Craigslist UX Study
A UX research and redesign study focused on improving Craigslist’s location-based product discovery by making filters easier to find, faster to use, and more intuitive for both new and existing users.
Overview
Craigslist is widely used for buying, selling, housing, and local services, but its interface remains text-heavy and visually outdated.

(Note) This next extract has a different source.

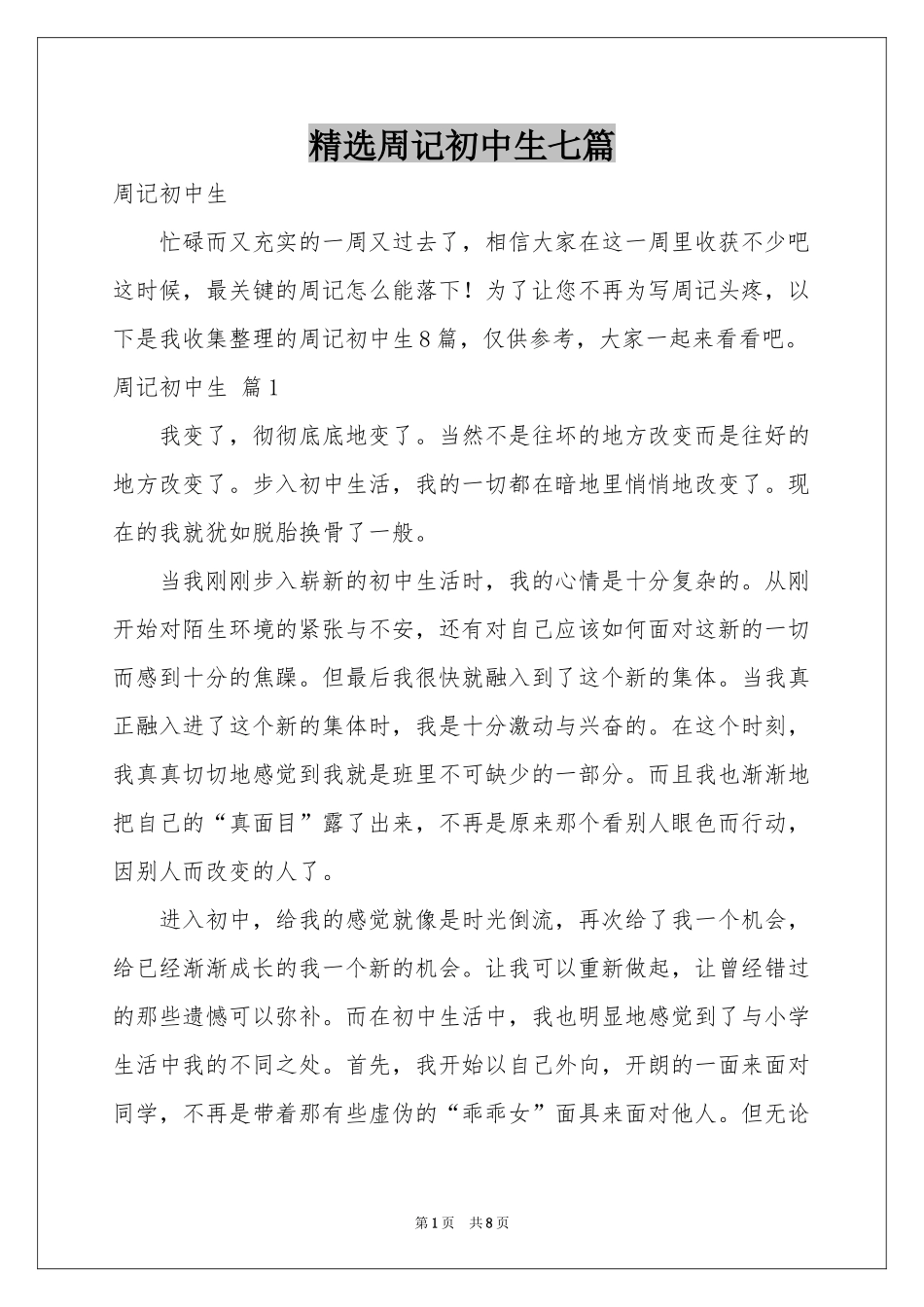 周记初中生七篇_第1页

Our study focused on one practical task: helping users find products based on location more efficiently.
My role
- UX research + usability analysis
- Interface evaluation and problem framing
- Redesign ideation and visual hierarchy improvements
- Comparative study synthesis and result presentation
Team
- Harsh Boken
- Amitoj Singh Sareen
- Xifan Jin
Focus
Improving the discoverability and usability of Craigslist’s location filter while reducing the time users need to complete location-based search tasks.
What users were struggling with
- Text-heavy pages with very little visual hierarchy
- Important tools and filters were hard to find quickly
- Navigation felt crowded and unstructured for new users
- Location-based searching felt hidden and inefficient
- Pages looked outdated and less trustworthy to some users
Research findings
Users appreciated Craigslist’s simplicity and straightforward functionality, but repeatedly described the interface as messy, visually outdated, and harder to trust or scan compared to modern marketplaces.
Target audience
- 18–25: high school students, new users, housing seekers
- 26–49: users buying and selling items or services
- 50+: homeowners renting out properties and practical users
Questionnaire themes
- Satisfaction with Craigslist’s aesthetics
- Ease of finding sections on the homepage
- Buying/selling pain points
- Problems using the desktop and mobile website
Pre-test questions
- How often do you use Craigslist?
- What other similar products do you use?
- What device do you normally use for Craigslist?
- Do you use a trackpad or mouse?
- How comfortable are you with location-based product search?
Post-test questions
- Satisfaction finding the location filter (1–5)
- Satisfaction changing the location radius (1–5)
- Likelihood of using the feature in future (1–5)
- Perceived difference compared to similar apps/websites
Hypothesis
Users will set up the location filter faster and more easily in the redesigned Craigslist interface compared to the current one.
Null hypothesis: there will be no significant difference in time taken or satisfaction between the redesigned and existing interface.
Variables
- Independent variable: MacBook users with a traditional trackpad familiar with Craigslist
- Dependent variables: time taken, satisfaction discovering the filter, satisfaction changing radius
Representative tasks
- Look for a lamp using search
- Filter results based on preferred radius
- Try using a different location than the current one
Why this mattered
Location was one of the highest-friction parts of the Craigslist experience. By isolating it in a comparative study, we could test whether better placement and stronger visual hierarchy improved usability in a measurable way.
Our focus
We focused specifically on users looking for a product based on location.

Idea 1
Introduce stronger visual cues and hierarchy so new users can quickly understand the structure and purpose of the website.

Idea 2
Add clearer descriptions for service providers to increase reliability and trust when users interact with listings.

Redesign 1
The first redesign made the location tool more noticeable by strengthening layout structure and drawing more visual attention to the map-based location area inside the filter column.

Redesign 2
The second redesign pushed the location feature even further into the main search workflow by surfacing it as a more visible top-level filter, reducing the effort needed to discover it.

Task completion time
Users completed the task faster in both redesigned versions, with Redesign 2 performing best.
- Existing interface: 18.01 seconds
- Redesign 1: 14.3 seconds
- Redesign 2: 13.25 seconds

Finding the location feature
Satisfaction improved significantly when users tried the redesigned versions.
- Existing interface: 2.5 / 5
- Redesign 1: 4.16 / 5
- Redesign 2: 4.58 / 5

Changing the location radius
Redesign 2 also scored highest when users changed the location radius.
- Existing interface: 2.16 / 5
- Redesign 1: 4 / 5
- Redesign 2: 4.41 / 5

Likelihood of future use
Both redesigned versions greatly improved users’ willingness to use the location feature again in future.
- Existing interface: 2 / 5
- Redesign 1: 4.67 / 5
- Redesign 2: 4.5 / 5

P-test
The comparative study supported the design changes with statistical evidence across task time and satisfaction metrics.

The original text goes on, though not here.